Direct-to-patient care has been gaining momentum. Rachel Cohrs Zhang at Bloomberg reported that officials from the U.S. Department of Health and Human Services met with Walmart and Amazon to streamline direct-to-patient drug purchases, bypassing insurance companies. President Trump’s executive order mandated that most-favored-nation pricing be made available for direct-to-patient prescription drug transactions.
Moreover, both the House and Senate versions of the One Big Beautiful Bill include provisions to expand access to direct primary care, in which patients pay a flat monthly fee directly to primary care practices for unlimited visits and office-based procedures.
In contrast to the pre-tax premium payments made by workers through employer-sponsored health plans, cash payments in direct-to-patient transactions are typically post-tax, unless routed through Health Savings Accounts (HSAs) or similar pre-tax arrangements.
Direct-to-patient transactions possess unique features that conventional insurance-based models lack. First, by combining the payer and the recipient of care, they allow patients to personally and directly benefit from lower prices and better quality, aligning incentives across the delivery system.

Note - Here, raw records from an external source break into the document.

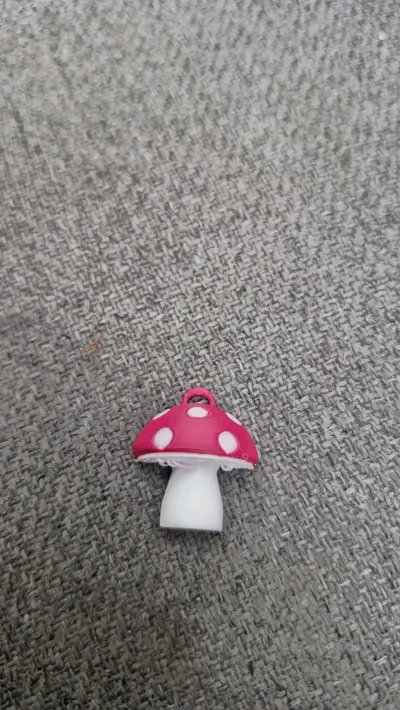 https://makerworld.bblmw.com/makerworld/model/1193458/1205654/ratings/e71fcfd0-b268-11f0-9428-131aac824cc9.jpg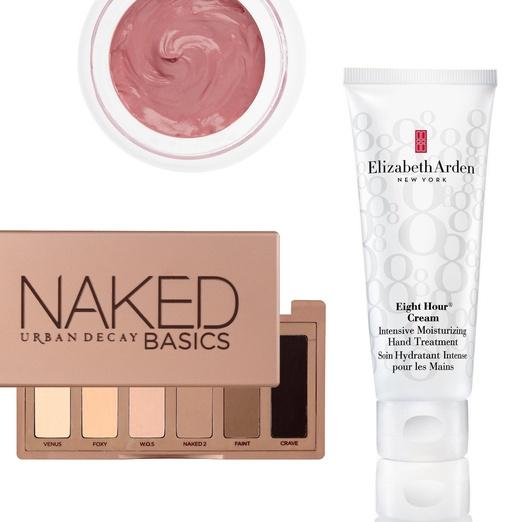 The Best Beauty Products to Have On Board Your Next Flight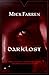 Darklost by Mick Farren (2000-03-05)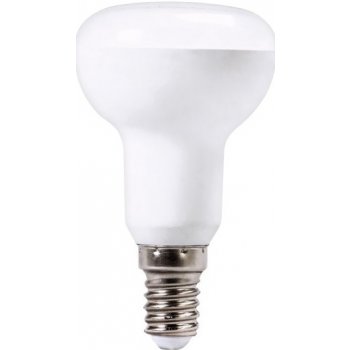 Ampoule LED GU10/5W/230V 4000K - Solight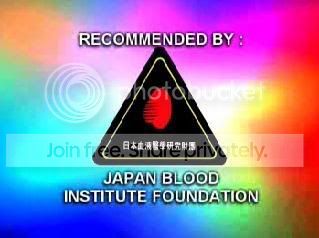 japanblood.jpg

Second, the absence of insurance between patients and providers eliminates network restrictions and pre-authorizations. These tools, commonly used by insurance companies to manage healthcare utilization, create access barriers for patients.
Third, direct-to-patient transactions remove access barriers tied to insurance type. Currently, many providers decline to treat patients covered by insurance plans with low reimbursement rates, such as Medicaid, limiting these patients’ options. In direct-to-patient arrangements, all patients pay the same price—except for certain group discounts, as is common in other markets.
Once providers’ doors are open to all patients, regardless of insurance type, non-discriminatory pricing becomes a reality. In a study published in Radiology, my colleagues and I found that commercial prices paid to the same hospital for the same service can vary by more than threefold within the same insurance company across different plans.
Fourth, direct-to-patient transactions relieve clinicians of the administrative burdens and burnout associated with insurance, while shortening their revenue collection cycle. In fact, many clinicians have voluntarily migrated to direct-to-patient care models, such as direct primary care and direct specialty care, for these very reasons. Notably, one-third of private practice psychotherapists do not accept insurance.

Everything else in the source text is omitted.